`

If you have any questions about the code here, feel free to reach out to me on Twitter or on Reddit.

Shameless Plug Section

If you like Fantasy Football and have an interest in learning how to code, check out our Ultimate Guide on Learning Python with Fantasy Football Online Course. Here is a link to purchase for 15% off. The course includes 15 chapters of material, 14 hours of video, hundreds of data sets, lifetime updates, and a Slack channel invite to join the Fantasy Football with Python community.

Ranking Players

In this part of the beginner series, we are going to begin to look at our DataFrame we created last time a bit more closely and try to find some regression candidates for the 2020 season. If you have not already read part one of the series, here's a link for that. Part one of the series starts you off at the absolute basics of Python. If you want to instead skip ahead to where we start using Pandas, check out part 3 instead.

We are first going to do this using two Pandas DataFrame methods known as rank and sort_values. Remember the couple last times we started going over some of our first DataFrame methods/attributes such as head and columns. rank and sort_values are both methods and behave similarly to the head method we've used before.

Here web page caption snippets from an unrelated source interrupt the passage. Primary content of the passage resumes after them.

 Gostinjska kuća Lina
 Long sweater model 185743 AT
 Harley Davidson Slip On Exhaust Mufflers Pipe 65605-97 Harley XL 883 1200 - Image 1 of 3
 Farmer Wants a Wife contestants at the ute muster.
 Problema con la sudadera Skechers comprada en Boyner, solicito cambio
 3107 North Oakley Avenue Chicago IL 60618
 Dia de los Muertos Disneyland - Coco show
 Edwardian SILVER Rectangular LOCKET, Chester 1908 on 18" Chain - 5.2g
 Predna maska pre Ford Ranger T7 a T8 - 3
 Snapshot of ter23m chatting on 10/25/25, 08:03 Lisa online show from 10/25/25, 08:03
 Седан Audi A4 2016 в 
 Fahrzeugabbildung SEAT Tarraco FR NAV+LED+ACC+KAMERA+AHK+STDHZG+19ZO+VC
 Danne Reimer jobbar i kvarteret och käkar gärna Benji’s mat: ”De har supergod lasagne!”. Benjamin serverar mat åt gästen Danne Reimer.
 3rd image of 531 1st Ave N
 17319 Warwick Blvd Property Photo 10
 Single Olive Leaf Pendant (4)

Let's start by bringing in the DataFrame we created last time. Either open the Google Colab Notebook you were working with last time, or open a new Google Colab notebook to regenerate our DataFrame back to it's current state.

You should get the output below. If you do not already have access to the 2019 csv file we are importing in to our code here, here's a download link for that.

Image of our DataFrame we created in part 4

Remember that your CSV file needs to be uploaded to be able to run this code. You may need to re-upload it. In part 4, I give instructions on how to do that.

This is all of the code for this part, and although like last time it does not seem like a lot, it is actually quite dense if you haven't coded before. We'll go over the output and the DataFrame we get back in just a minute.

In that first line, we are creating a new column based off another column (Usage) and finding each player's Usage rank. This method also takes a keyword argument. A keyword argument is an argument that you have to explicitly define in the functions parameters. If you look ahead to the third line of our code, you'll notice that head doesn't require a keyword argument. Some arguments in a function have to explicitly specficied and some arguments can be assumed. We'll get in to the reasons for this in future parts, but it boils down to the fact that functions can have optional arguments. You can find our which arguments go in which functions by reading through the documentation.

In the case of rank, one such argument it takes is ascending. If we specify that ascending is equal to False, we are telling Pandas that we want to rank the largest numbers in the column we are ranking higher. CMC had the higher usage numbers and so he gets a 1 for UsageRank

We repeat the same process for FantasyPoints. We repeat this process becuase we want to find gaps between Usage and Fantasy Points scored on the season.

Finally, we use another method I talked about called sort_values. This method sorts our DataFrame by a certain column. By default, it sorts the columns by ascending order (smallest to largest). Since we are sorting via the rank column, this is exactly what we want. It takes in a keyword argument of by, so we can tell Pandas which column we'd like to sort on. (It also takes in an argument of ascending, in case you wanted to sort your DataFrame in descending order of a column. In this case, we don't.)

We then take on head to the end of that last line, because a DataFrame sorted via sort_values is still a DataFrame. We haven't discussed this previously, but head also takes in arguments. By default, head gets you back the top 5 rows of a DataFrame (By the way, try to figure out what running the .tail() method does), but if you specify an argument, that argument will override it's default of 5. Here, we specify 15, which means get us back the top 15 rows in our DataFrame.

Output of DataFrame after sorting values and ranking

Here is the output from the code we ran above. In the next part, we'll be examining these "gaps" between Usage and Fantasy Points further and trying to figure out what it means for your 2020 draft. We'll start talking about the relationship between Usage and Fantasy Points scored and what it means when a player has a low Usage ranking but high Fantasy output. For now, try to examine the DataFrame and find some gaps between Usage and Fantasy Points. Two interesting cases that pop out to me are Aaron Jones and David Montgomery. Montgomery had the 12th highest utilization amongst RBs but finished RB24. On the flip side, Aaron Jones finished 10th in utilization in RBs but finished RB2. Could this indicate that Aaron Jones is due for a negative regression to the mean and Montgomery is due for a positive regression to the mean? We'll find out in the next part of this series.

Thanks for reading, you guys are awesome!